Over the last few weeks, I have been digging a new border at the front of the house, which I will plant with early lilies (Asiatic hybrids) and dahlias. Next November I will add tulips which should deliver nearly continuous flowering from spring until late autumn. As it is now mid-March and I have not yet planted any lilies I had better get on. As I am focusing on planting lilies now is probably a good time to try and address the subject of the lily beetle. With some effort, this can be controlled in the garden.

The red beetle overwinters in the ground and emerges from late March. Their eggs are laid on the underside of the plants leaf from late April until mid-summer. This is when the damage starts as the larvae feed on the foliage. When done they return to the ground to pupate, leaving a covering of what looks like bird droppings on top of the soil and the plants, and emerge as adults in mid-summer when they carry on the feeding damage.

I have read that scent does play a part in their spreading although I am not totally convinced.

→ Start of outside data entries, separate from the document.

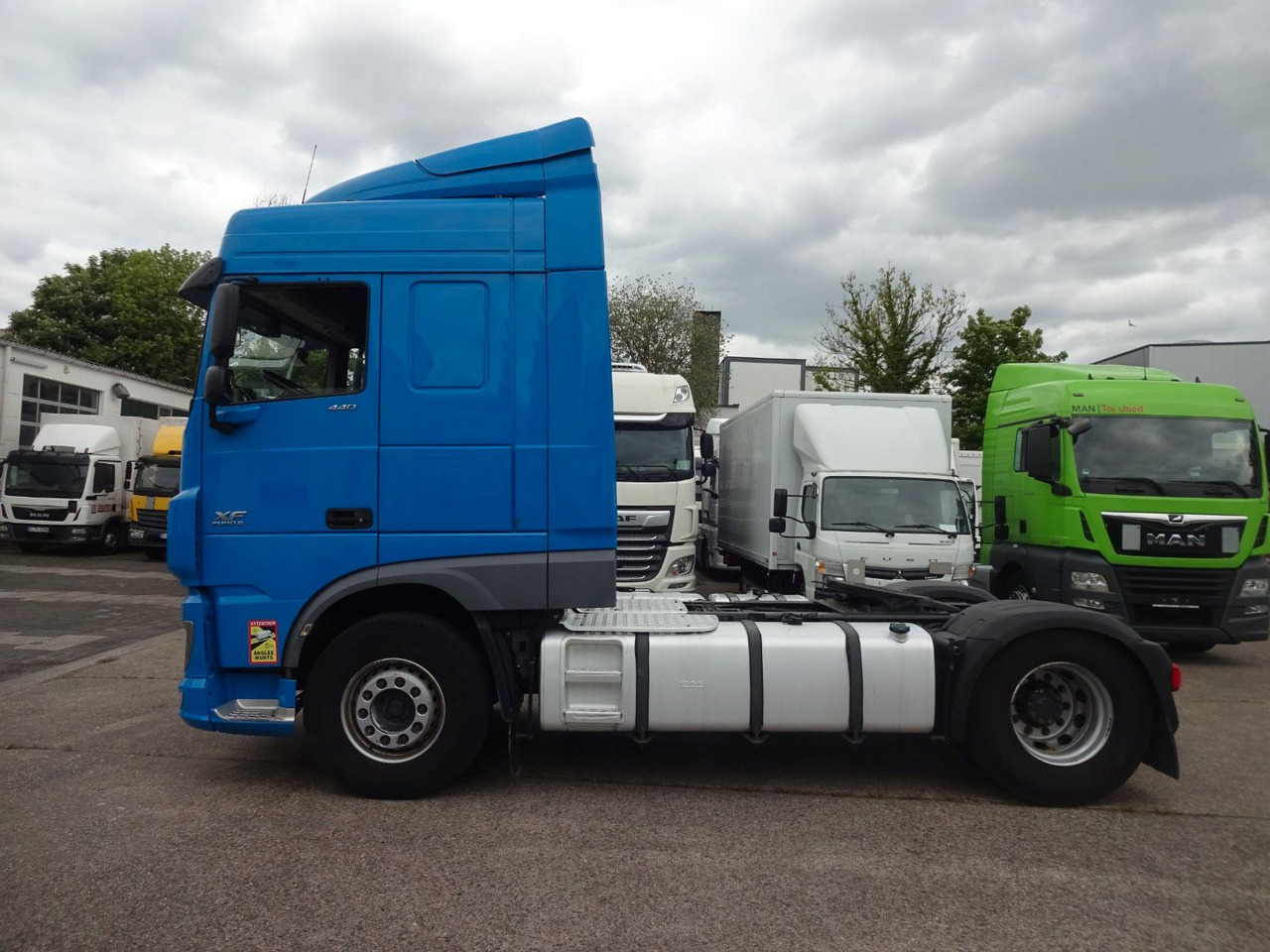 DAF XF 440, SC, Klima, 2 x Tank, Intarder, Standklim - Cap tractor: Foto 4 DAF XF 440, SC, Klima, 2 x Tank, Intarder, Standklim - Cap tractor: Foto 4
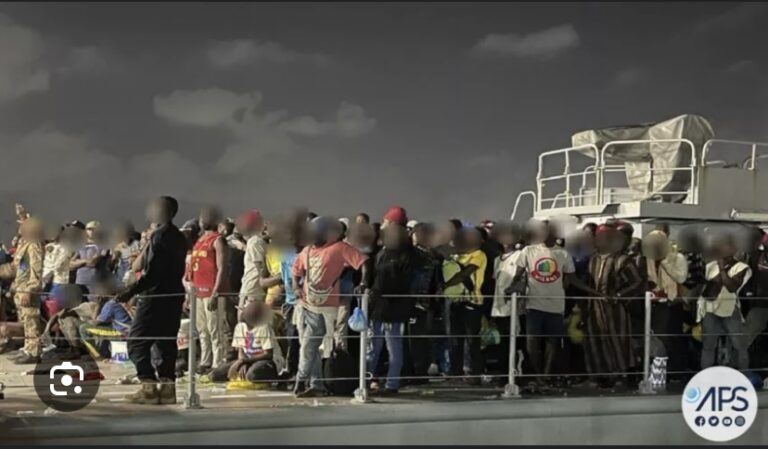 [MBEUK MI] La Marine sénégalaise intercepte une pirogue avec 150 migrants irréguliers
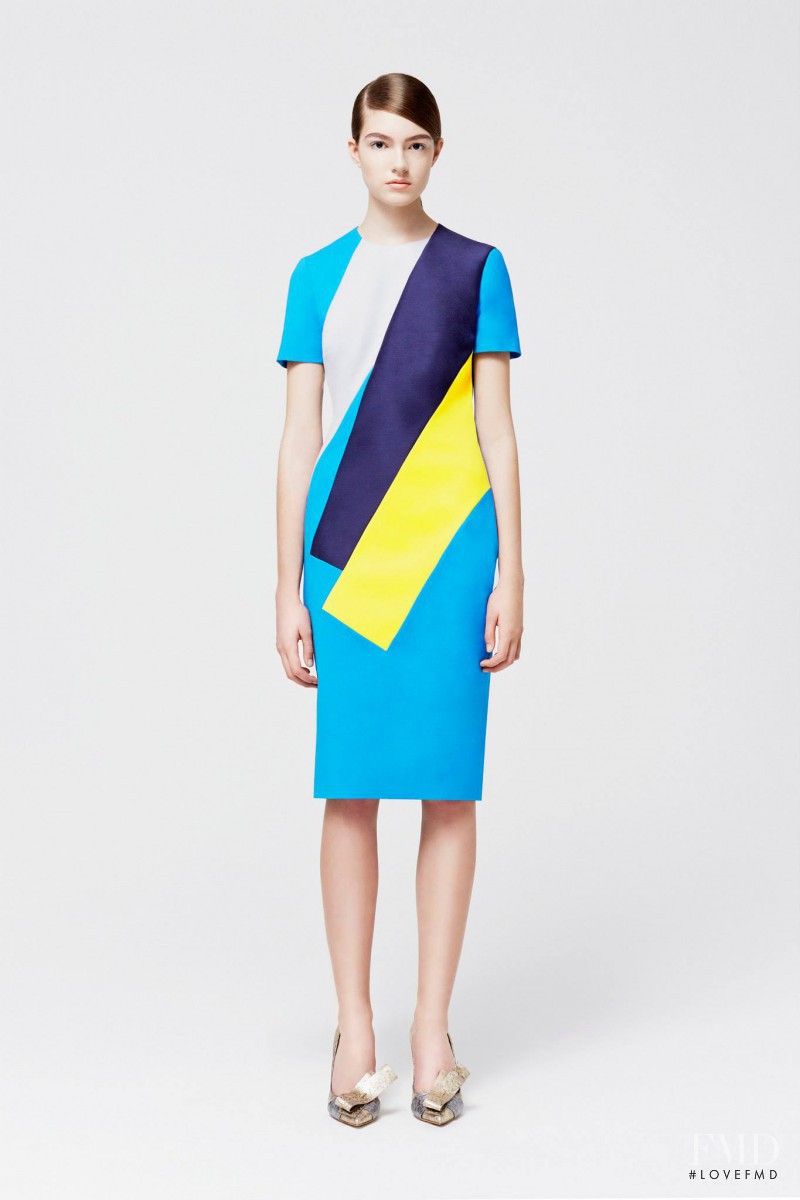 Scarlett Gray featured in  the Roksanda Ilincic fashion show for Resort 2015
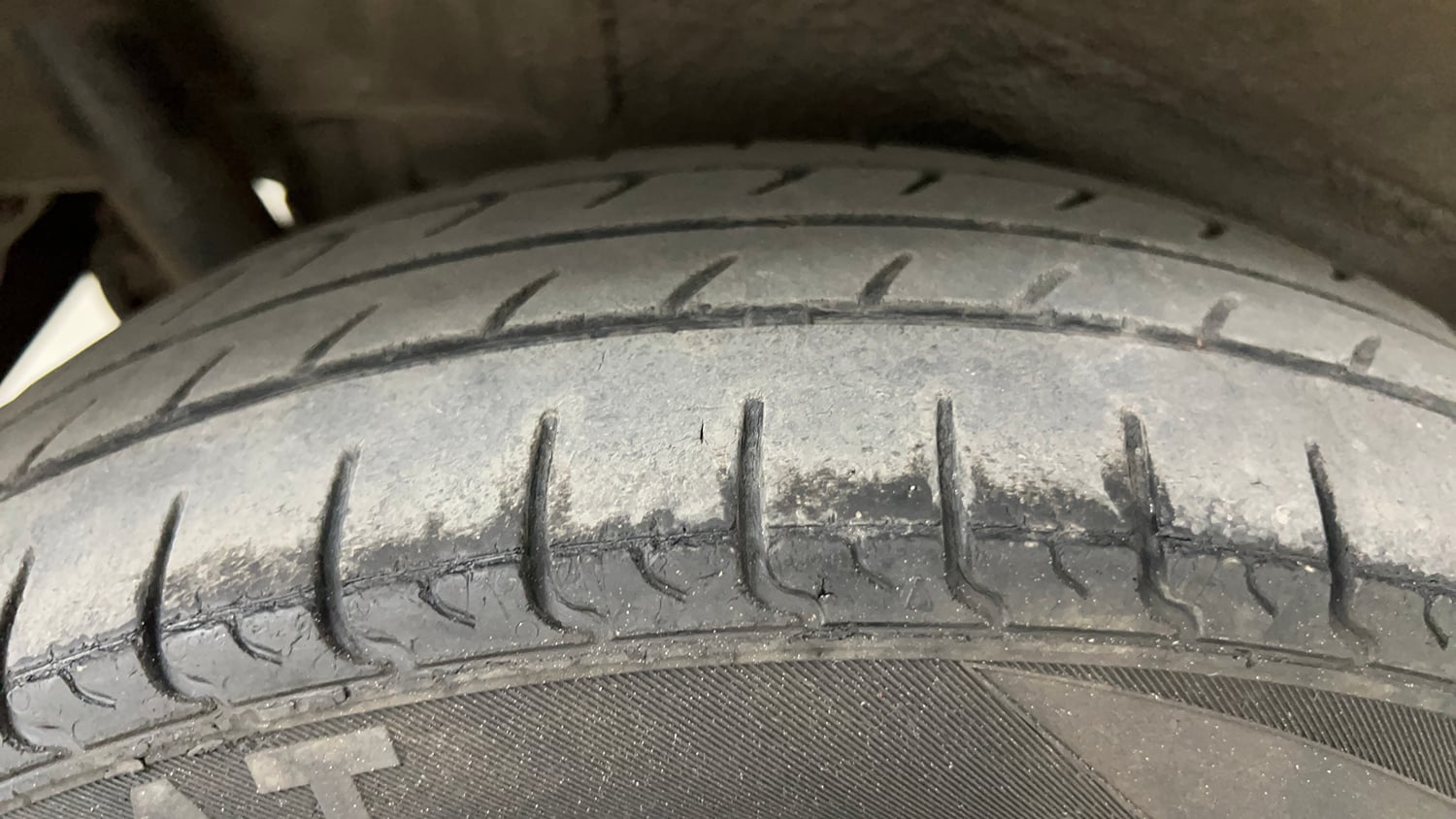 Used 2015 Maruti Suzuki Wagon R LXI CNG Cng Manual tyres RIGHT REAR TYRE TREAD VIEW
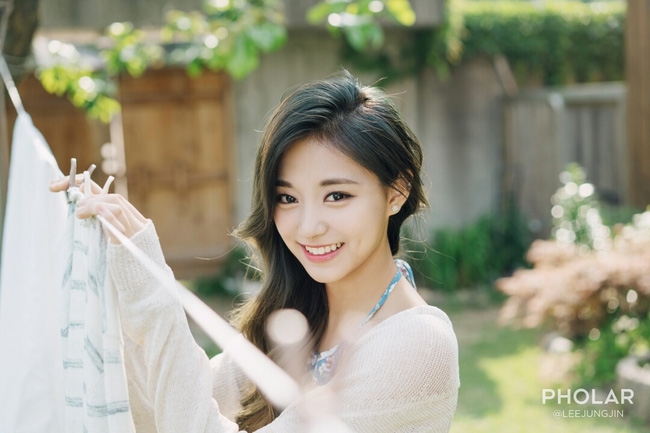 Báo Hàn ca tụng Tzuyu của Twice là 'nữ hoàng hất tóc' của Kpop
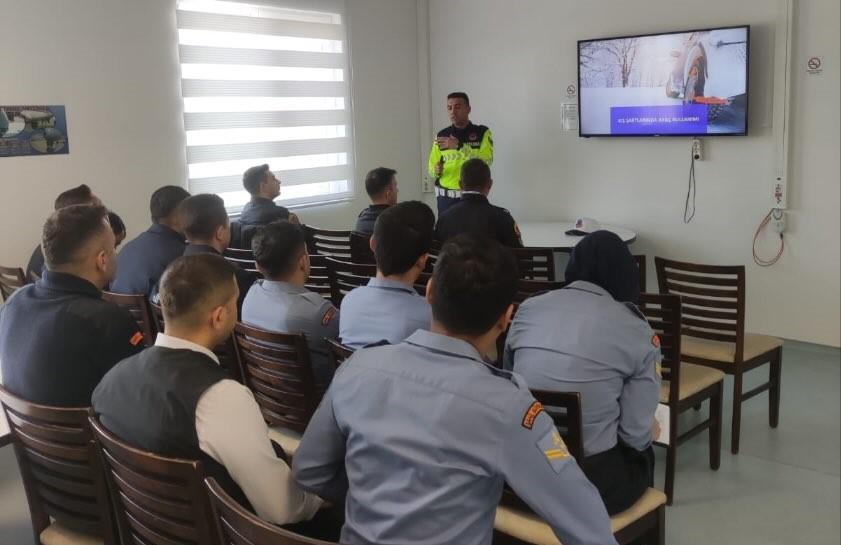 Aydın'da trafik jandarması eğitimlerine devam ediyor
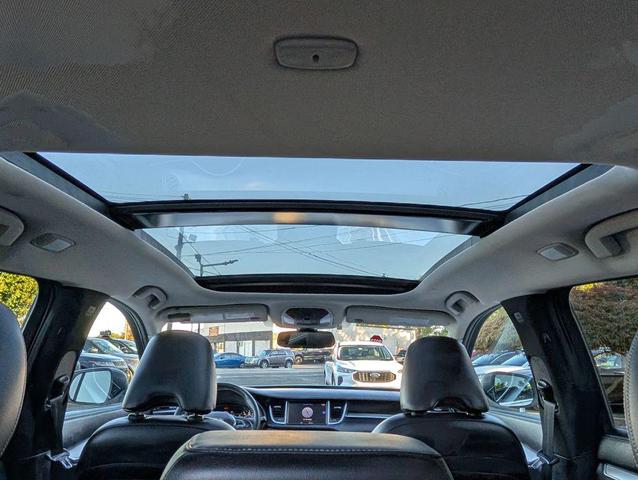Photo of 2019 White INFINITI QX50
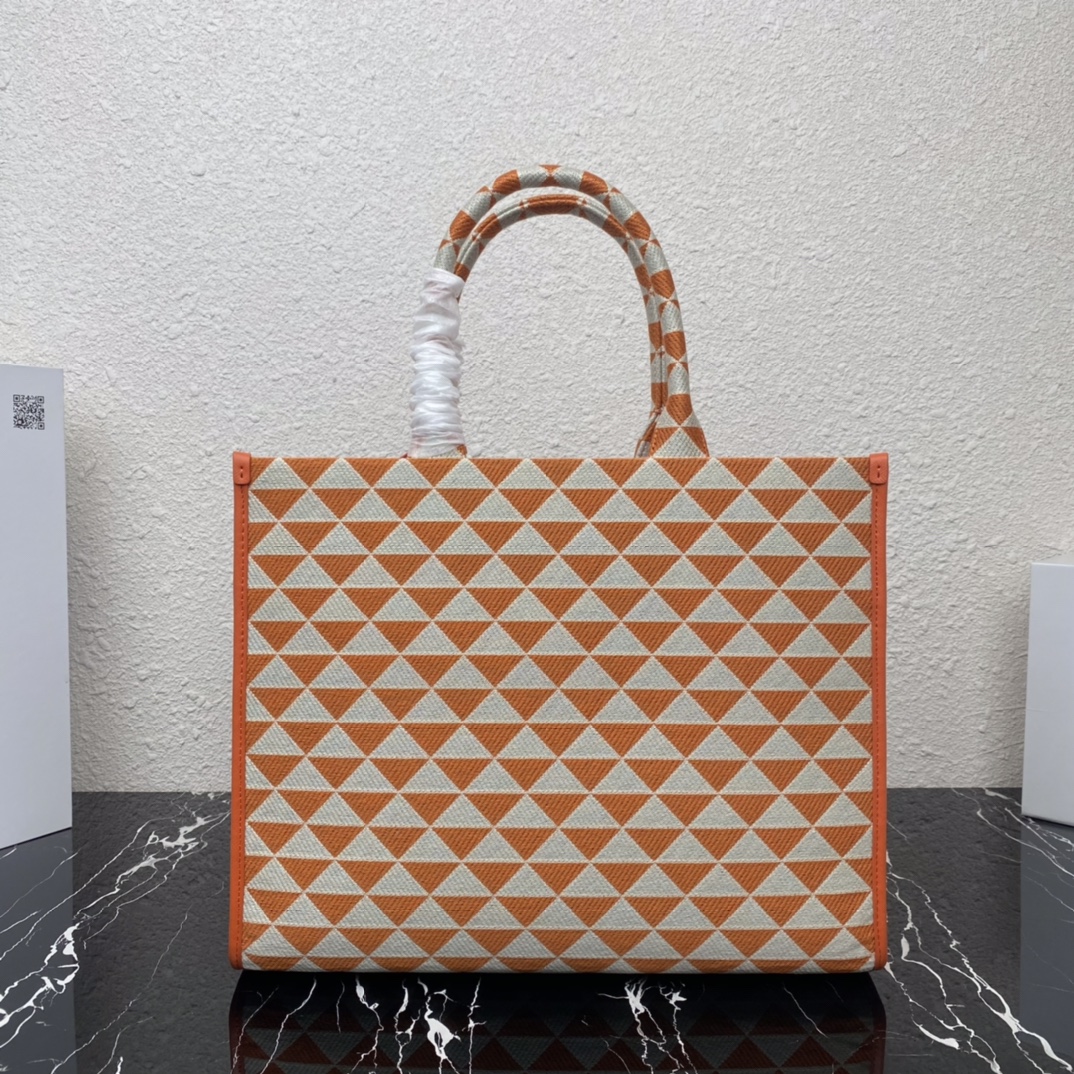 Pra*a small tote in saffiano leather 1ba356-39*31*11cm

In my garden, the problem is very localised impacting only one group planting. Lilies in other parts of the garden somehow remain unaffected. If you have any suggestions as to how the beetles can be prevented from emerging or finding the lilies in the first place I would be grateful for your advice.

Science is not always helpful in our gardening practices; horticulture is generally too far down the food chain to claim the required resources. Much of what we do has to be based on experience, passed along tips and trial and error.

Here are a few pointers that may help: -
  •  Remove any larvae from the underside of the leaves as soon as it appears 
  •  The beetles will immediately fall from the plant if disturbed. Place an old white sheet under the plant for them to be visible when they drop, they are a challenge to catch if they fall on bare soil. 
  •  If you find evidence of the larvae in the soil (it looks like bird droppings on the surface) cover sparingly with cooking oil, this will help prevent the new adults from emerging. 
  •  If all else fails resort to spraying. This should be only done late in the day after the full strength of the sun has passed avoiding any burning to the plants.